=== What you have to do ===
Give back the exact lines of the material below from the one containing "75+ Rustikale Esszimmer" through the one containing "Covid-19 Impact on", and no pictures.

=== Supplied entries ===
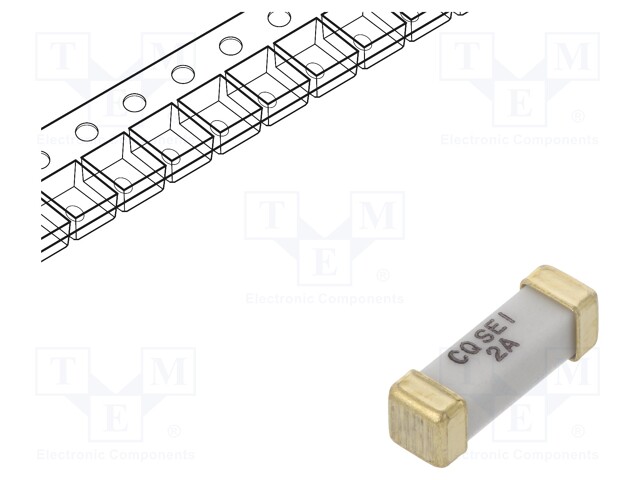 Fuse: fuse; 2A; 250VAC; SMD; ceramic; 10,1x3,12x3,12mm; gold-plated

...

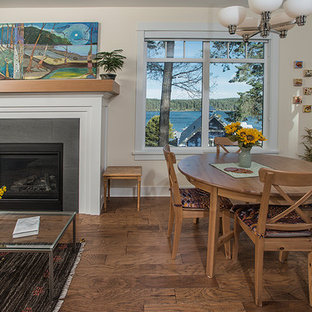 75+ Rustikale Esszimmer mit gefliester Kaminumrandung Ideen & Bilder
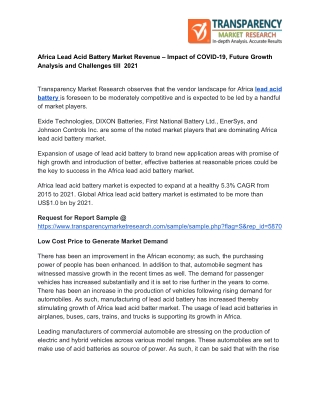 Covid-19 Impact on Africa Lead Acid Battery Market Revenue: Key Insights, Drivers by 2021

* * *

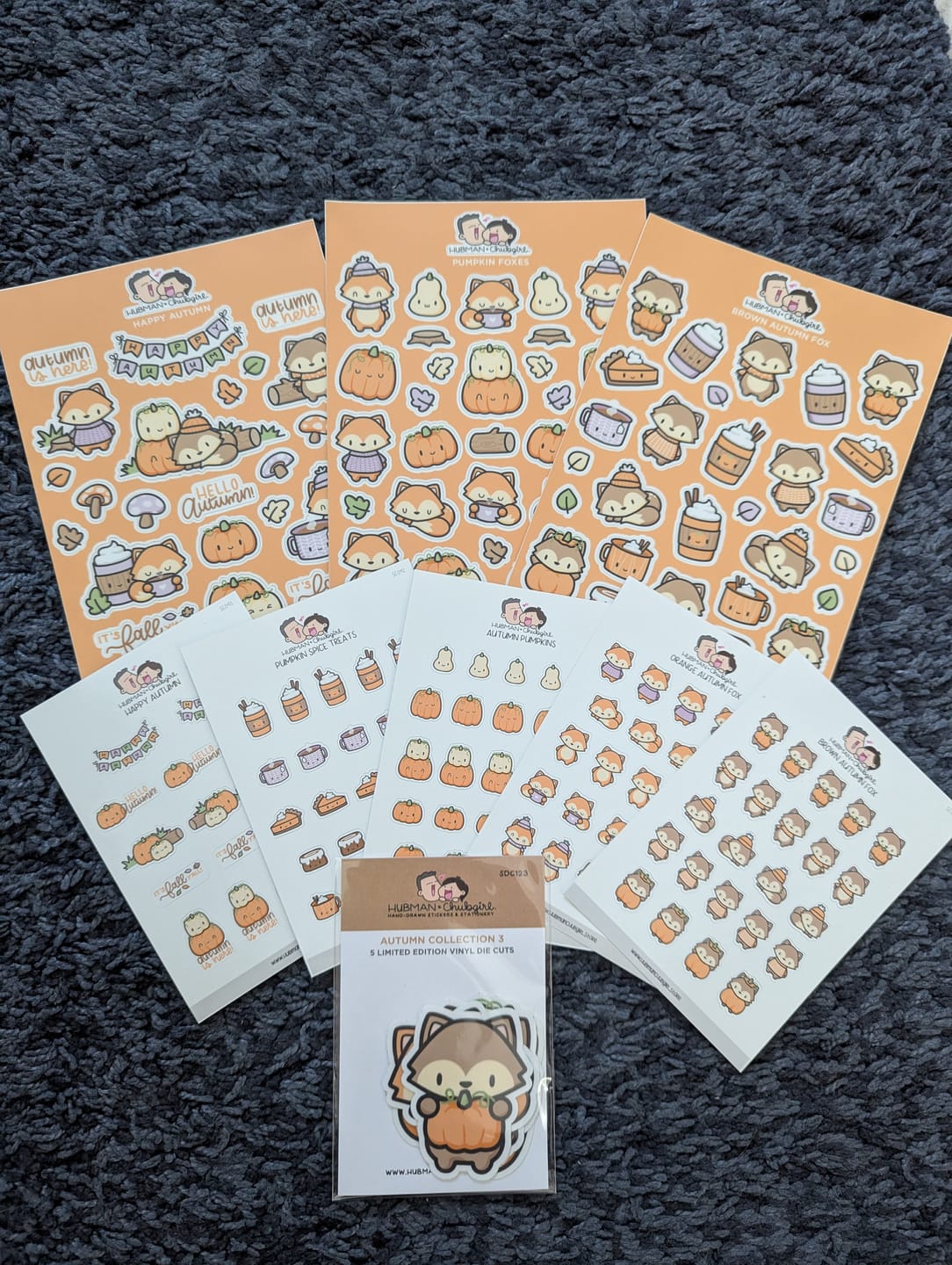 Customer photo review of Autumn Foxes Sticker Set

=== Solved problem ===
 75+ Rustikale Esszimmer mit gefliester Kaminumrandung Ideen & Bilder
 Covid-19 Impact on Africa Lead Acid Battery Market Revenue: Key Insights, Drivers by 2021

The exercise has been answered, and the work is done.